Poway library offers free after-school bath bomb craft for teens
Poway teens got a free 4 p.m. bath bomb craft at the library, a low-cost maker activity for ages 11 to 17 with no buy-in beyond showing up.

Free bath bombs gave Poway teens a hands-on after-school option at the Poway branch of San Diego County Library, where the May 7 session ran from 4:00 p.m. to 5:00 p.m. for ages 11 to 17. The craft fit neatly into the branch’s teen series and offered a simple answer to a common problem for families: bath bomb making can get pricey fast once you add molds, colors, scents and base ingredients.
The appeal was practical as much as creative. A teen who might not want to spend money on a kit could still walk into the branch, make a bath bomb and leave with something finished. That made the program an easy lift for parents and a natural draw for teens looking for something structured between the school day and evening. The setup also matched the kind of activity libraries increasingly use to pull young people into the building: colorful, tactile and beginner-friendly.
Poway’s location at 13137 Poway Road, Poway, CA 92064, already signals that the branch is built for more than books alone. Alongside its teen programming, the branch lists a MakerBot 3D printer, a detail that reinforces the larger shift toward libraries as maker spaces where youth can test out creative projects without buying equipment first. Bath bombs fit that environment well because they blend craft, scent choices and a little fizzing chemistry into one short session.

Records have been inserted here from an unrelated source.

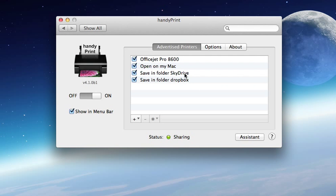Then save in folder SkyDrive. It's that easy. I hope it's going to help you. Bye.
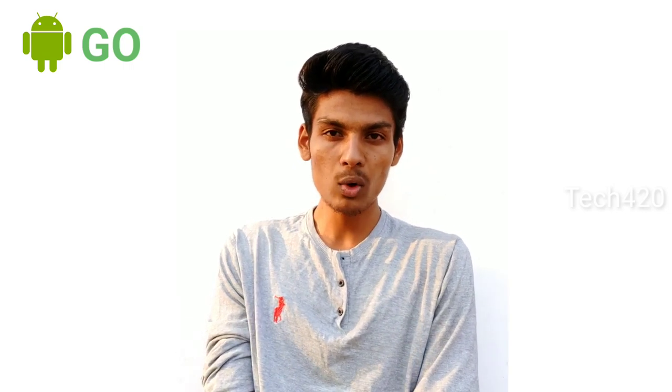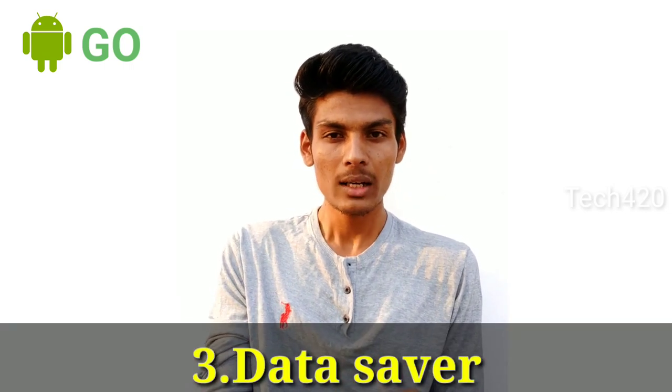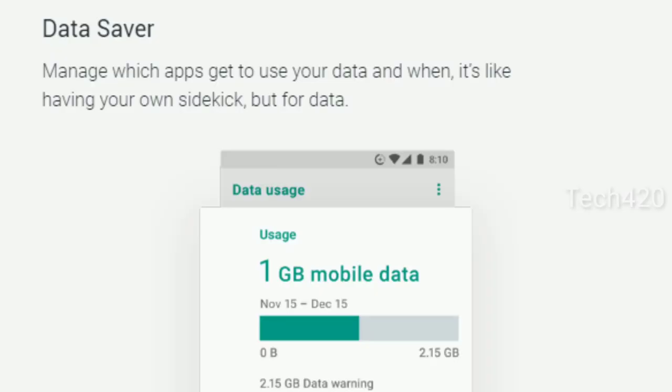The third feature is the data saver. If you have a data saver, you can use data more efficiently. This helps compress your data usage.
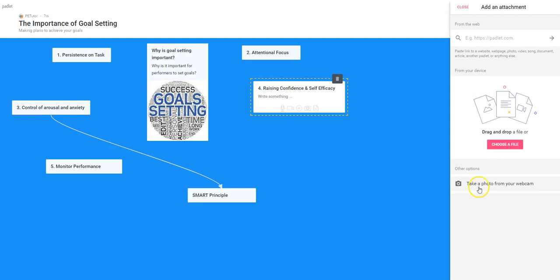Down here I can also take a photo from my webcam if I have that selected and connected, if I chose to do that. In this case I'm not going to do that — I'm going to select a file.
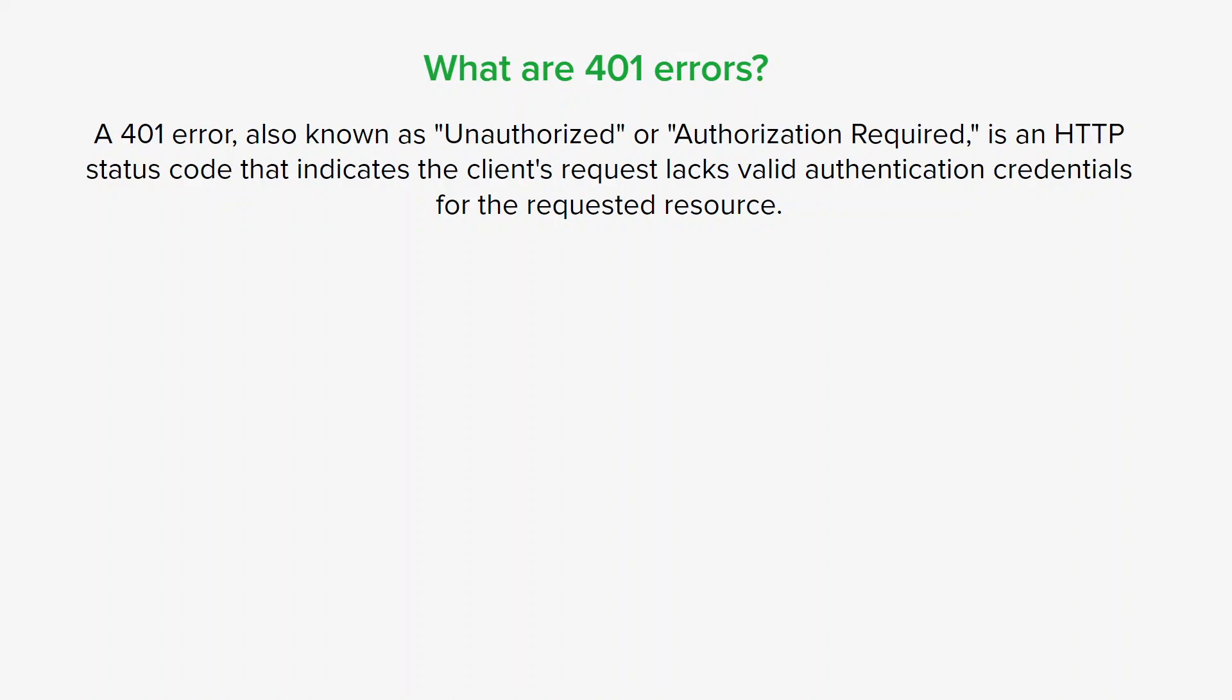It's worth noting that a 401 error is different from a 403 error, which means forbidden. While a 401 error implies that the client lacks valid authentication credentials for the requested resource...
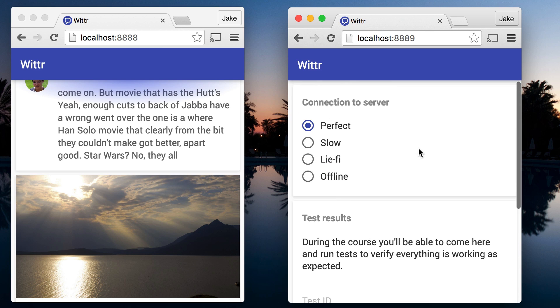Have a play with the settings, refresh the page, and see how it responds. You'll see things are pretty bad in everything except perfect mode. And over the course of this course, we're going to fix the non-perfect cases.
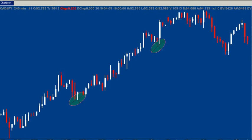Hello traders, today is the 25th of April 2010 and this video is about Elliott Wave in relation to the TSTW24.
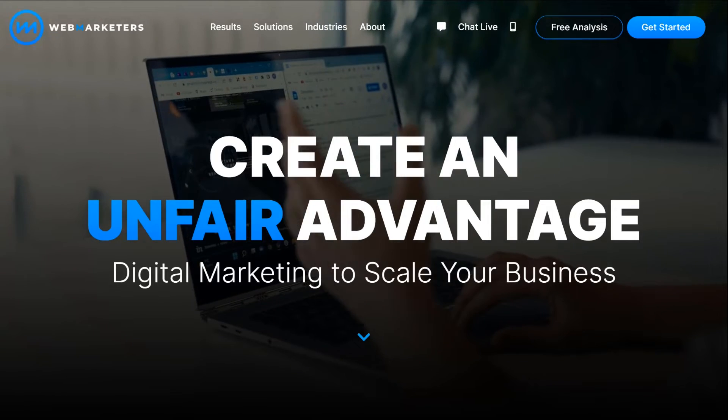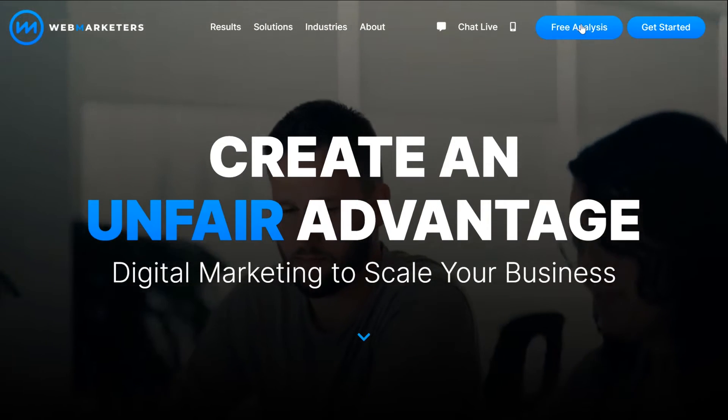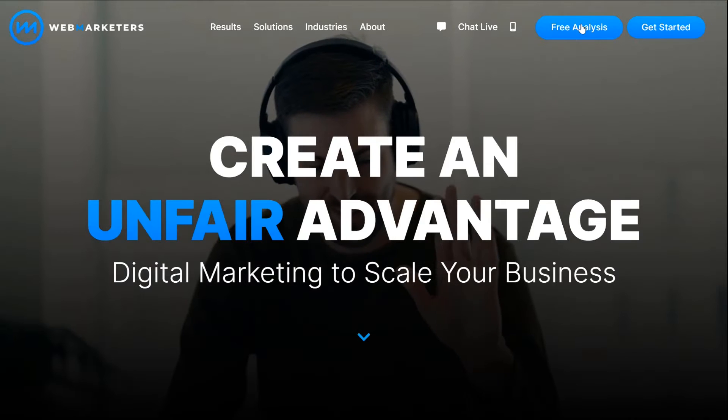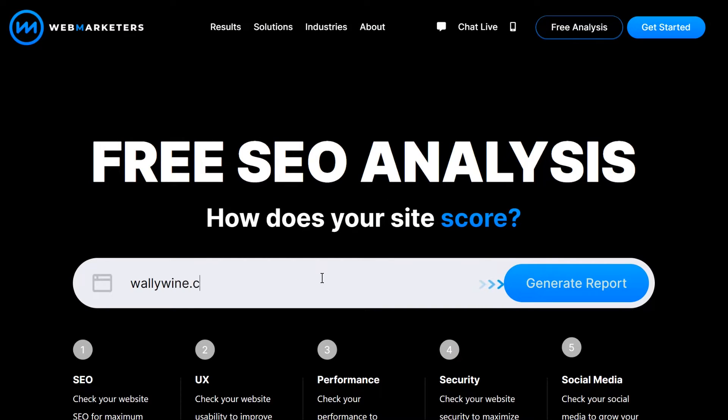This is also a popular approach for digital agencies who are adding SEO as a new service and want to analyze their full client or prospect list.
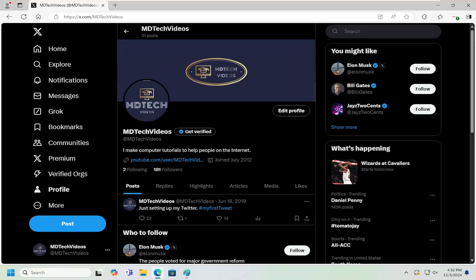So this should hopefully be a pretty straightforward process. And without further ado, let's go ahead and jump right into it. So all you have to do is select the more button on the far left panel here.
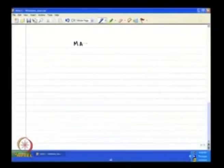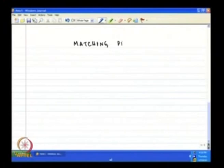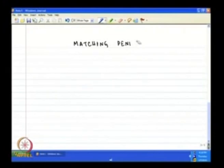We shall come back to Battle of Sexes to find what outcome will likely prevail. Now, the third kind of game we will discuss today is called Matching Pennies.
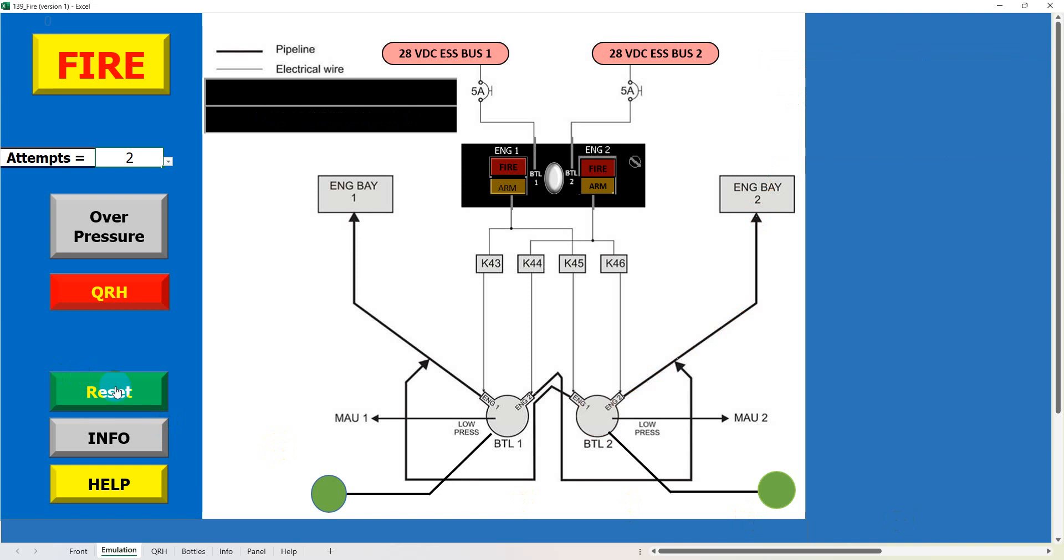So as you can see, you can operate or you can generate a fire in either engine and put it out with one or two bottles, and you can run through what happens if you get an overpressure situation in one of the fire bottles.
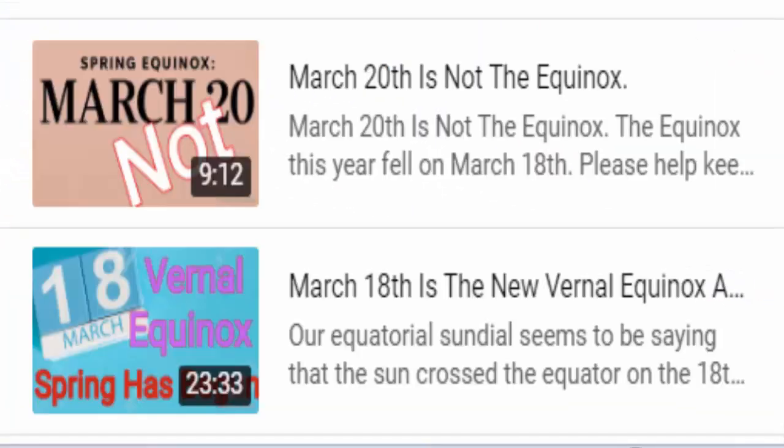I want to talk more about that March 20th date, because not too long ago in the spring, I made an observation with my sundial that the equinox actually fell on March the 18th. You can check out some of those videos to see how that experiment worked. We even went into the calculation to prove that the spring equinox should have been closer to March the 18th and not March the 20th.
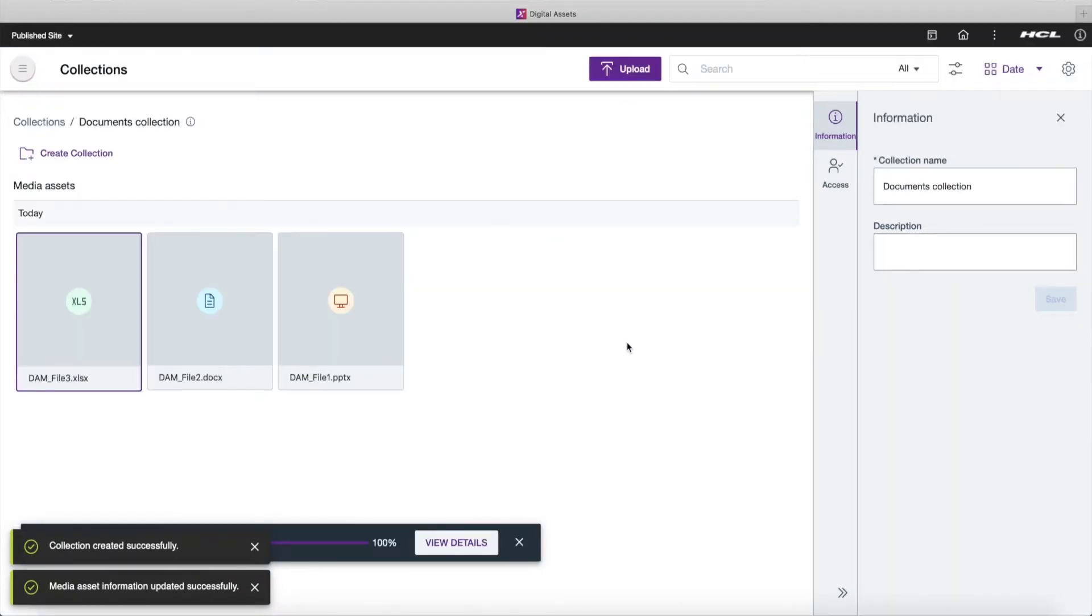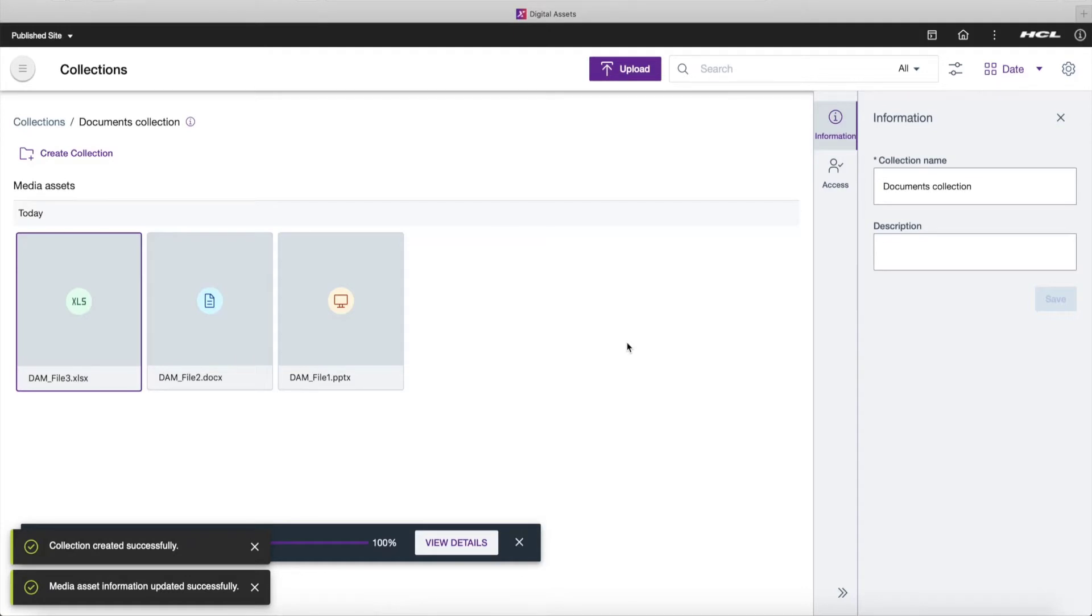You have learned how to create multiple collections and upload different assets into them.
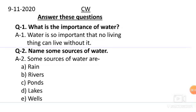Good morning students. Hope you all have completed all the three exercises of this lesson neatly. Today we will do the question and answers. There are total five questions but for today we will do the first three.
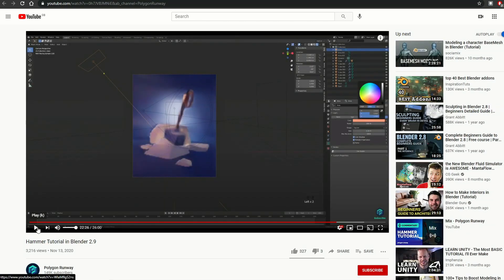The next one is from Polygon Runaway, and it's a Hammer Tutorial in Blender 2.9. It's 26 minutes long, quite a good tutorial — it's start to finish, so it'll pretty much walk you through every single click. It's good if you're learning Blender, and it's a nice scene at the end of it.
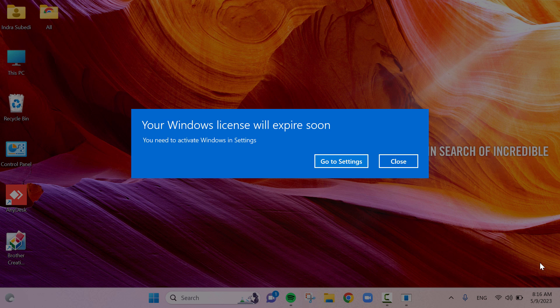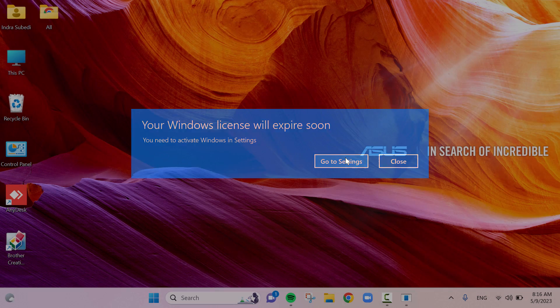In Windows 11 operating system, computer shows Windows license will expire soon message in startup every time.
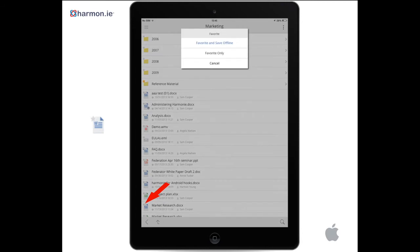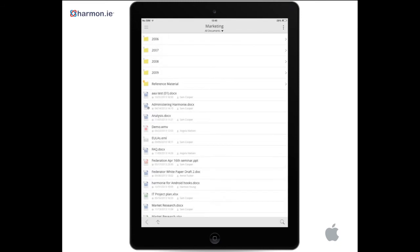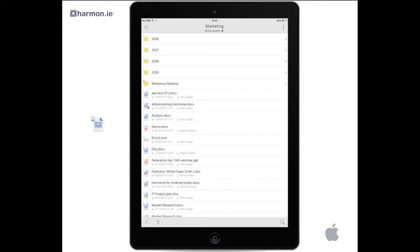Tap a document star to make it a favourite and tap favourite and save offline. Harmony now downloads this file to your local device, making it available offline, indicated by a special symbol appearing on top of the document icon.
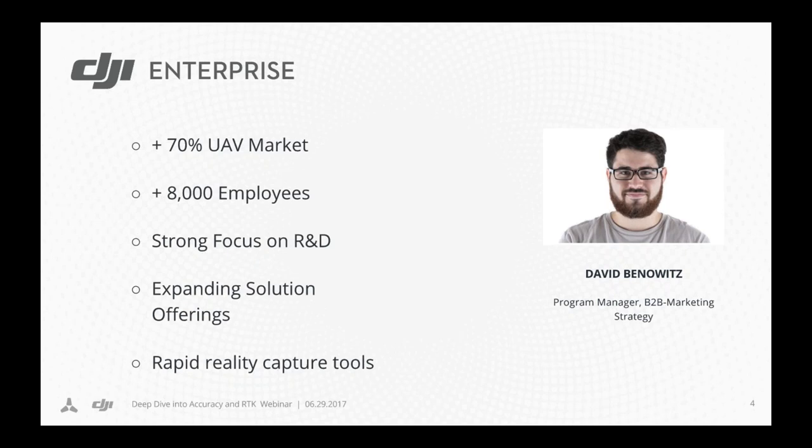Thank you for the introduction, William. It's great to be on this webinar. Just for a quick introduction: a lot of you have probably already heard of DJI. We have about a 70% market share in the UAV market with over 8,000 employees and growing. We do that through strong focus on R&D. Moving forward, we're developing our solution offering, specifically recognizing that a drone is really a rapid reality capture tool — producing scalable drones that can be operated by a construction employee or even a surveyor to capture quality data of their site.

The teen calendar in Poway showed that the bath bomb workshop was not a one-off novelty but part of a rotating schedule for grades 6 to 9 that included cooking, science and animals, movie night, sewing, art, sports and a Disneyland excursion. That range matters. It shows the library and city using after-school programming to keep teens engaged with options that are social, low-cost and easy to join, instead of asking families to commit to expensive classes or long-term clubs.
Bath bombs have become a useful library craft because they sit at the intersection of self-care and science, giving teens a finished product they can use at home while also learning how ingredients, scents and color choices come together. In Poway, that mix landed in a free one-hour slot, and it gave the branch another strong example of how a public library can function as a community workshop as well as a reading room.